* **Required work**:
All the data below goes into the copy word for word, but the pictures don't.

* **Data**:

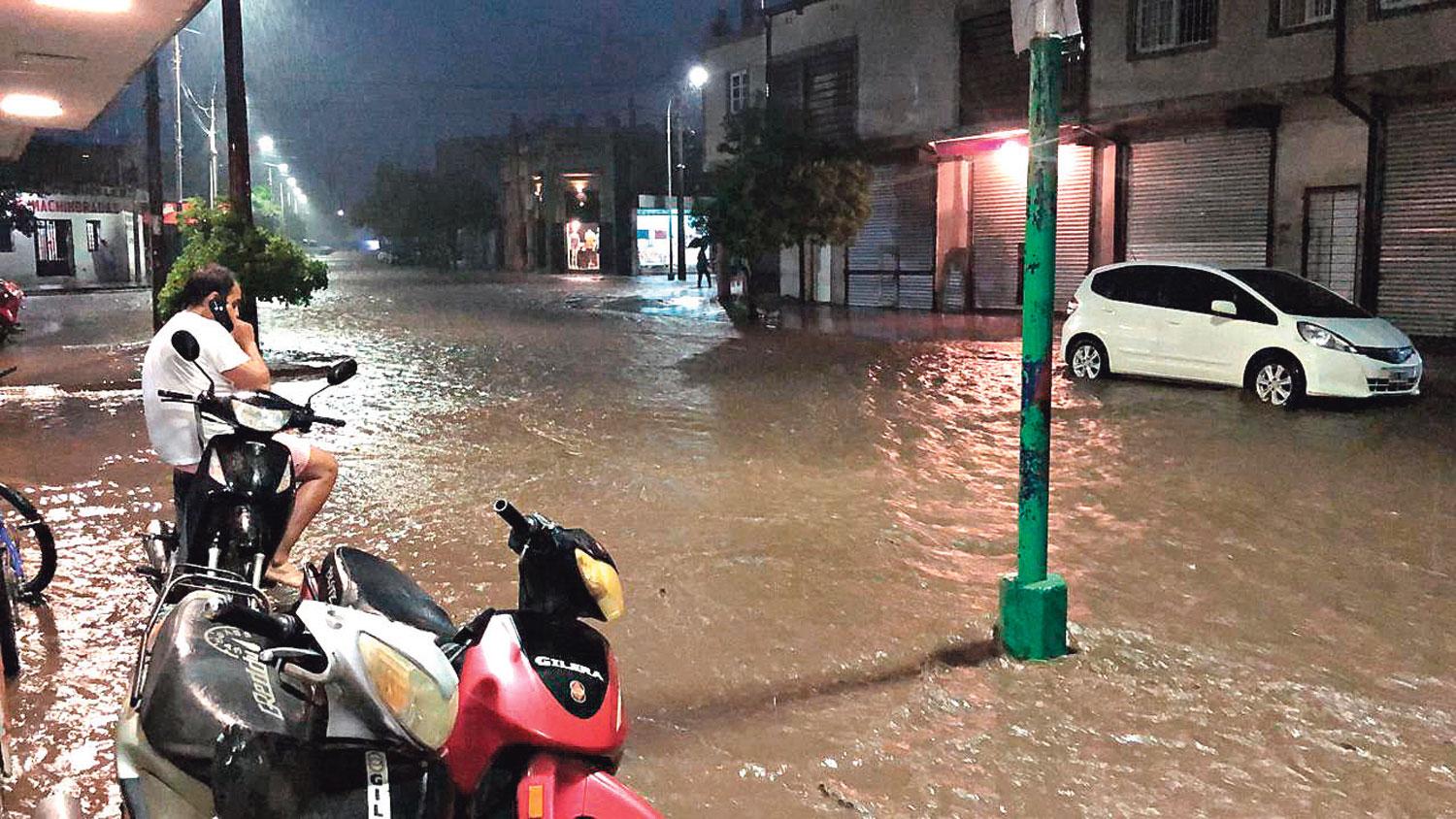 ANTES PASABAN AUTOS, ANOCHE PASABA EL AGUA. El badén precario de El Corte, visto desde San Javier en dirección a San Miguel de Tucumán.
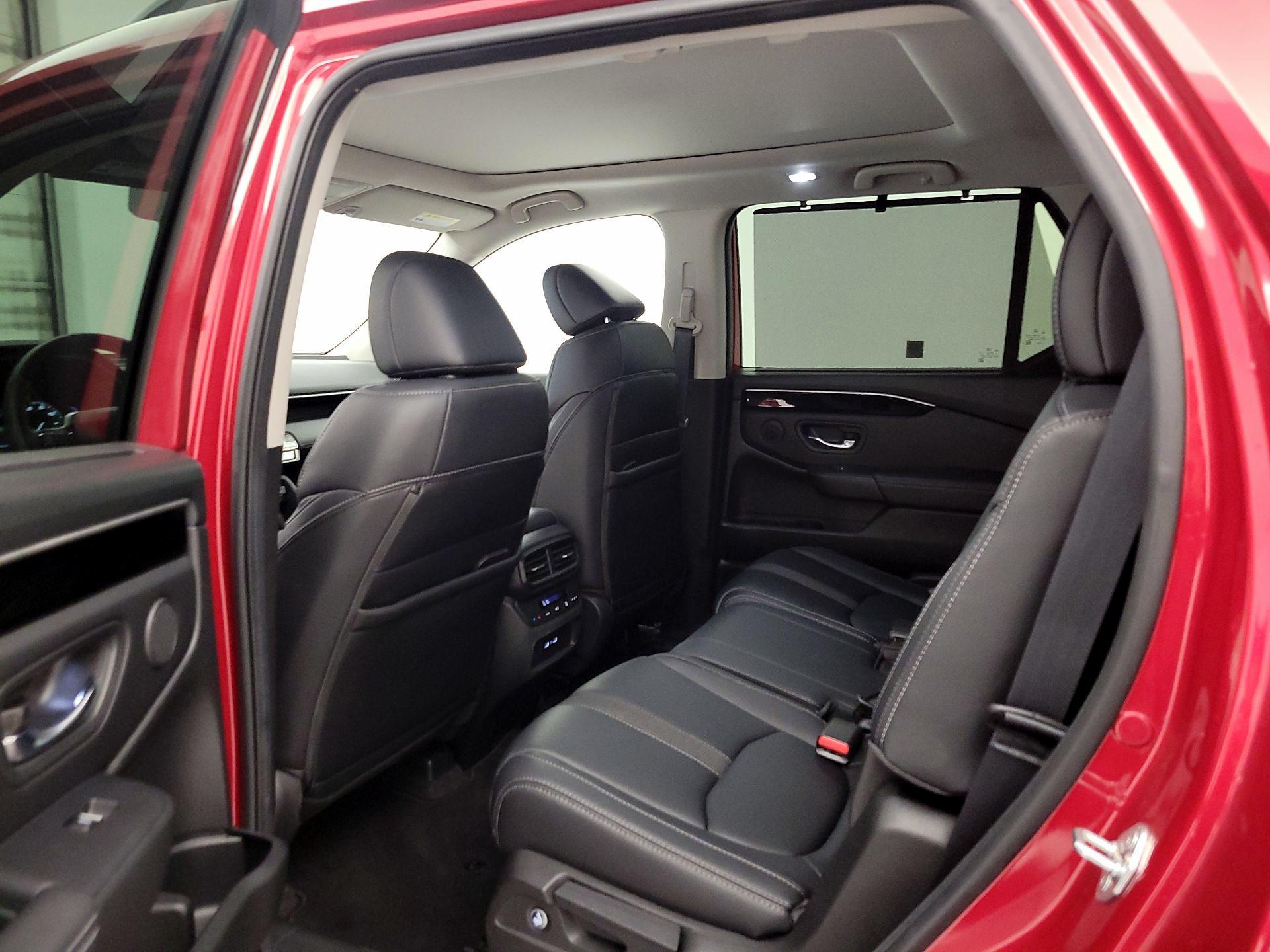 Thumbnail: 2023 Honda Pilot - 20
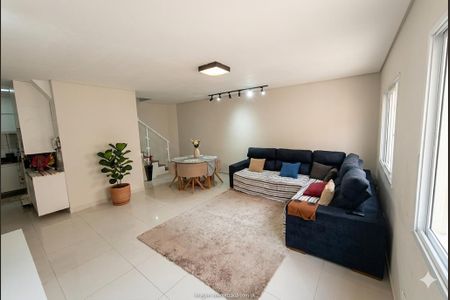 Casa à venda com 3 quartos, 90m² em Jardim Sabara, São Paulo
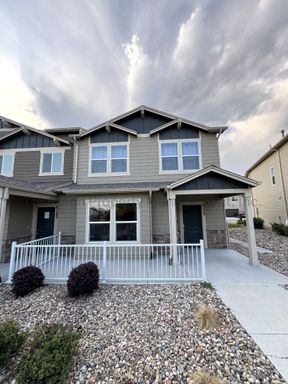 Gorgeous 3 Bedroom Townhouse in Lorson Ranch – photo 1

* **Output below**:
 ANTES PASABAN AUTOS, ANOCHE PASABA EL AGUA. El badén precario de El Corte, visto desde San Javier en dirección a San Miguel de Tucumán.
 Thumbnail: 2023 Honda Pilot - 20
 Casa à venda com 3 quartos, 90m² em Jardim Sabara, São Paulo
 Gorgeous 3 Bedroom Townhouse in Lorson Ranch – photo 1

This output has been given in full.